[Extracted records — start]
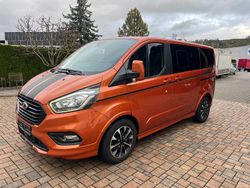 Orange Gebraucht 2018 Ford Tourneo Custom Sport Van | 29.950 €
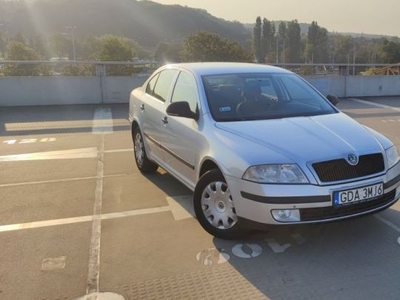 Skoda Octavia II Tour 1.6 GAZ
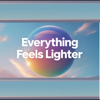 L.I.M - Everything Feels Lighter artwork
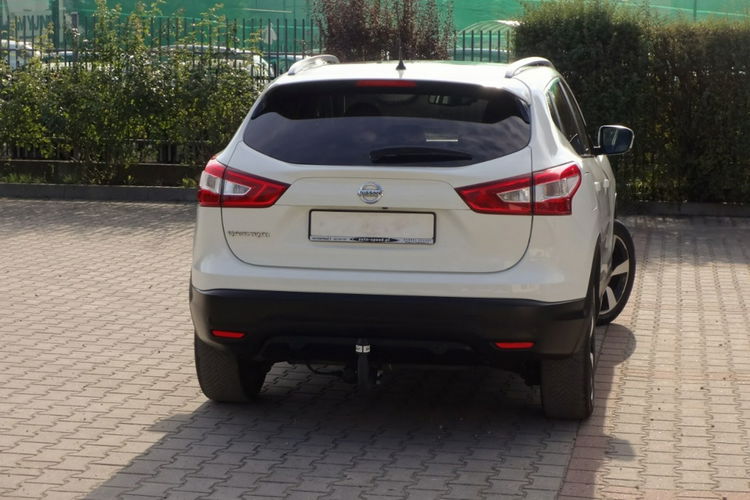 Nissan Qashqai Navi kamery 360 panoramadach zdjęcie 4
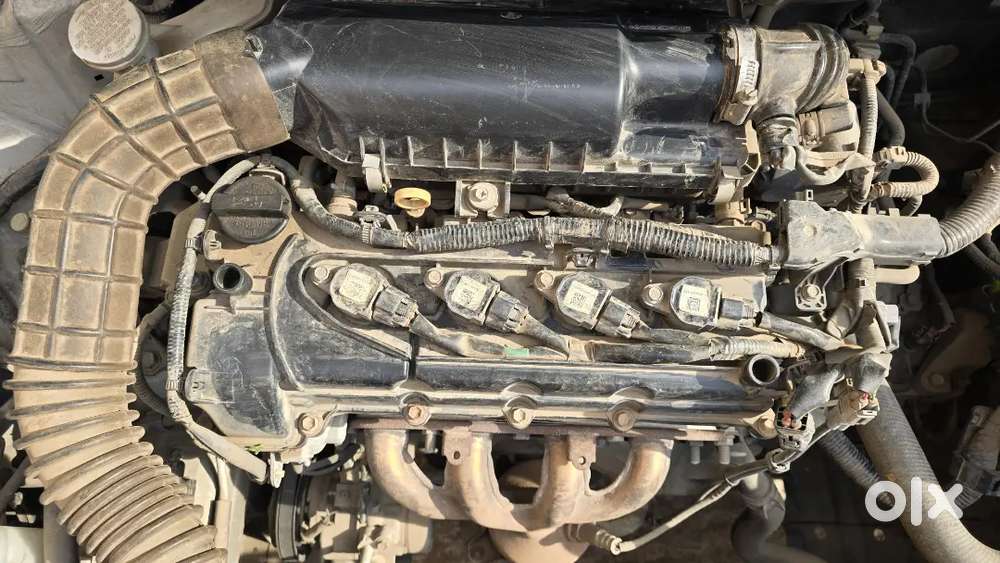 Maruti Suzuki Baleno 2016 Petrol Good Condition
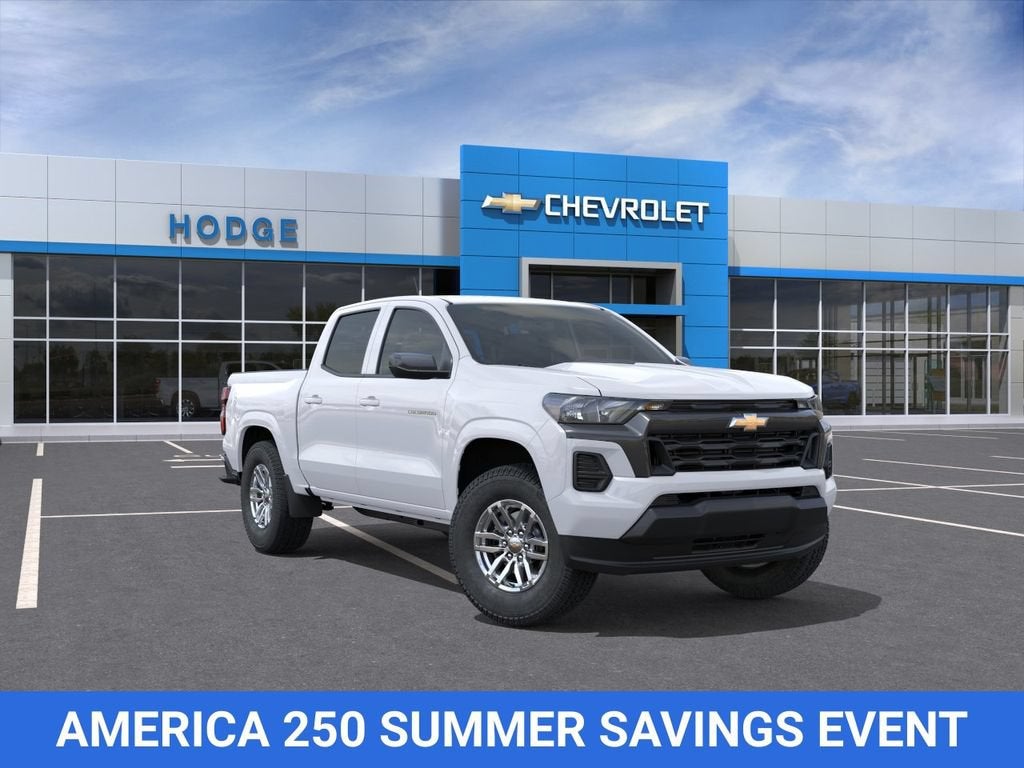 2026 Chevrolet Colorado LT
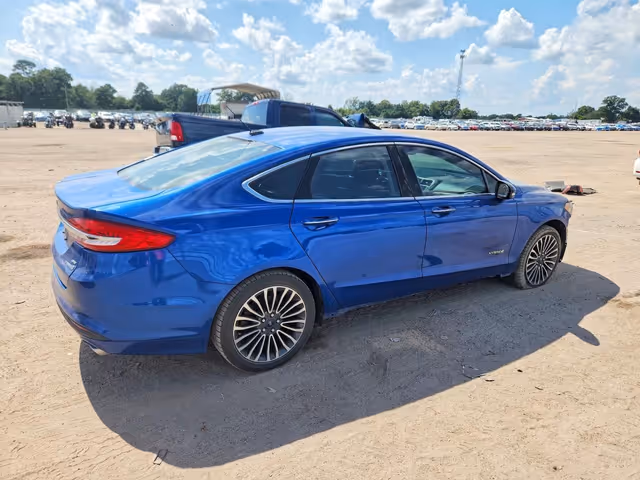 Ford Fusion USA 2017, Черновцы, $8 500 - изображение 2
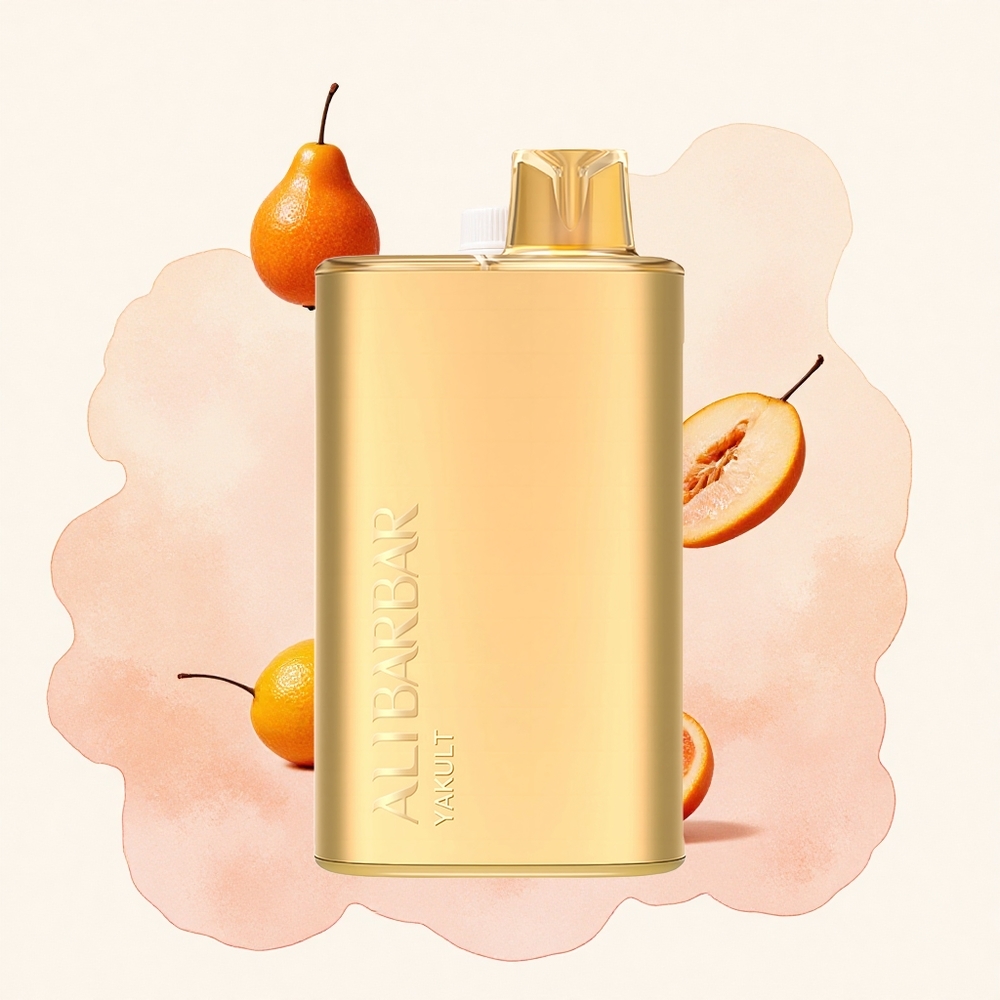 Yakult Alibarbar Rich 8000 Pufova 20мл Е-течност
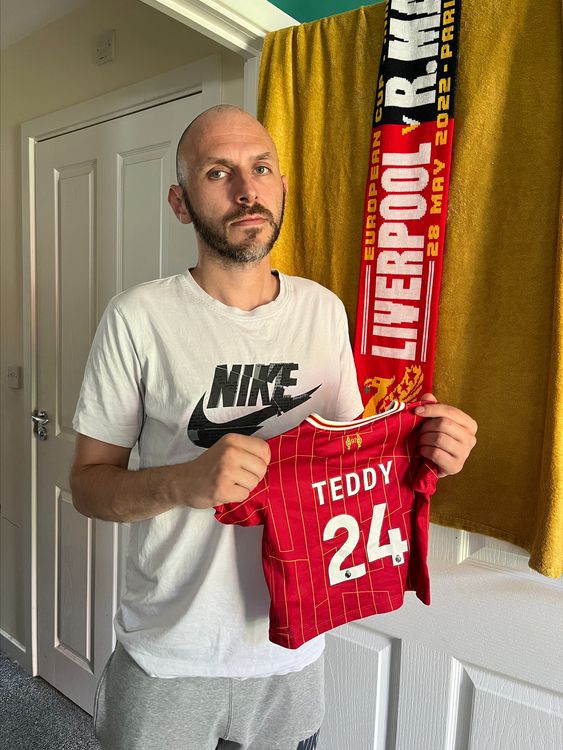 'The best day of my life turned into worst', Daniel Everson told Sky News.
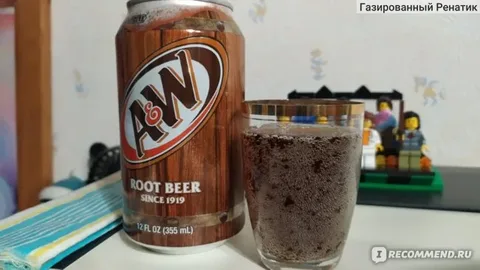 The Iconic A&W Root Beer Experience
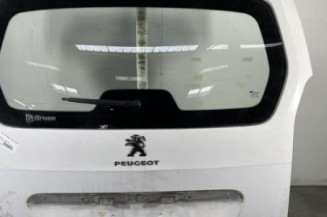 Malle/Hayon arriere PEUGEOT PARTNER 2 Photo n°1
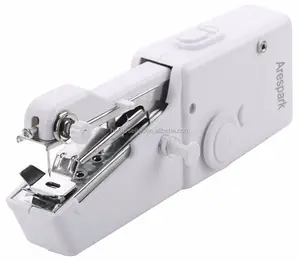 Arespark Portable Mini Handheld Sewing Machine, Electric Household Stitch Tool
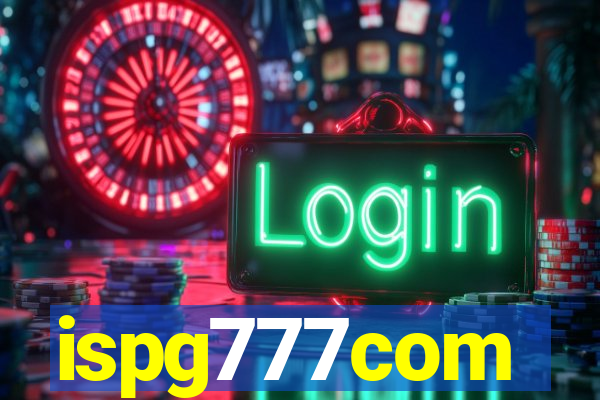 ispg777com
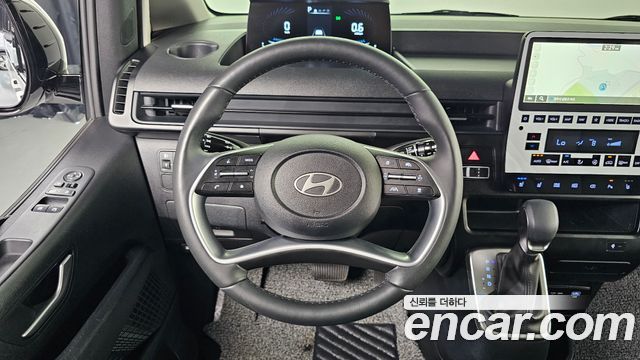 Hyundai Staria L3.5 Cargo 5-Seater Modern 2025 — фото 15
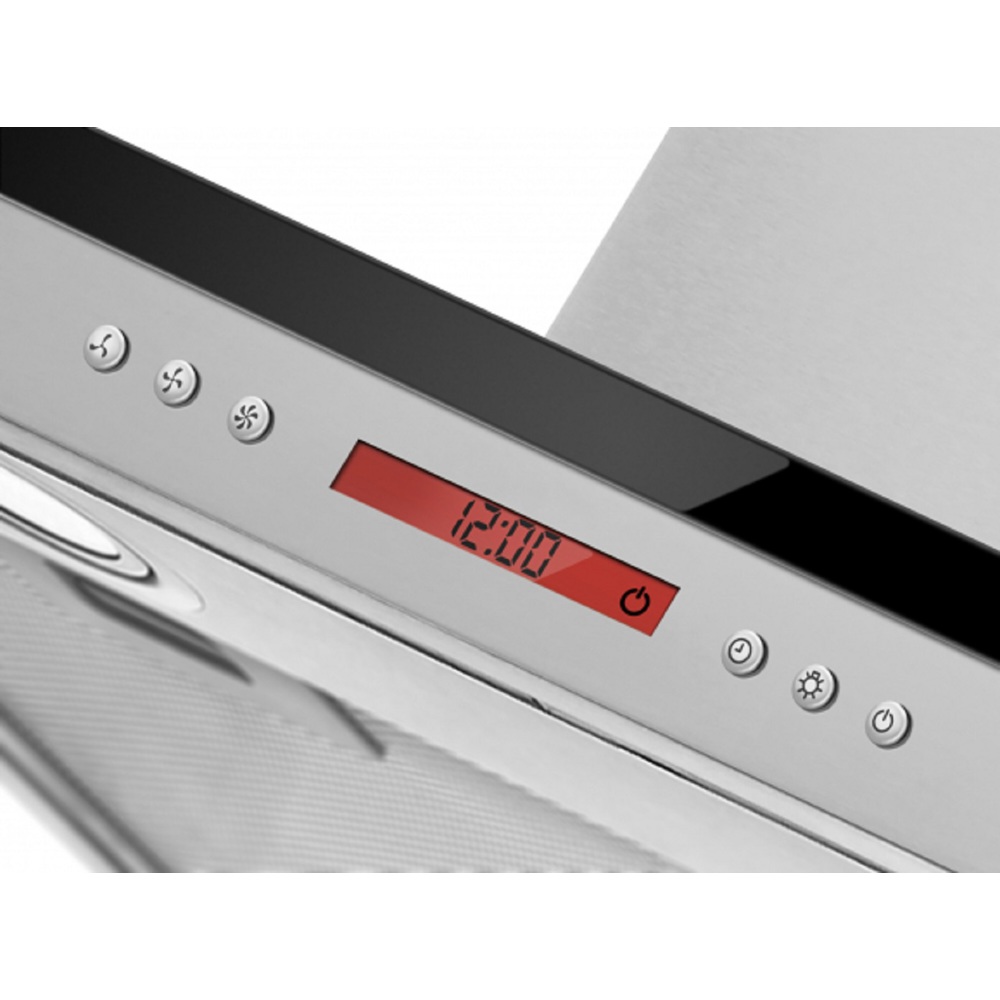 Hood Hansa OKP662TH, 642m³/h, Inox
[Extracted records — finish]
• _Required work_
From the line containing "Malle/Hayon arriere PEUGEOT" down to the final line of the records above, restate every line word for word, add nothing, and skip the pictures.

• _Result of the task_
 Malle/Hayon arriere PEUGEOT PARTNER 2 Photo n°1
 Arespark Portable Mini Handheld Sewing Machine, Electric Household Stitch Tool
 ispg777com
 Hyundai Staria L3.5 Cargo 5-Seater Modern 2025 — фото 15
 Hood Hansa OKP662TH, 642m³/h, Inox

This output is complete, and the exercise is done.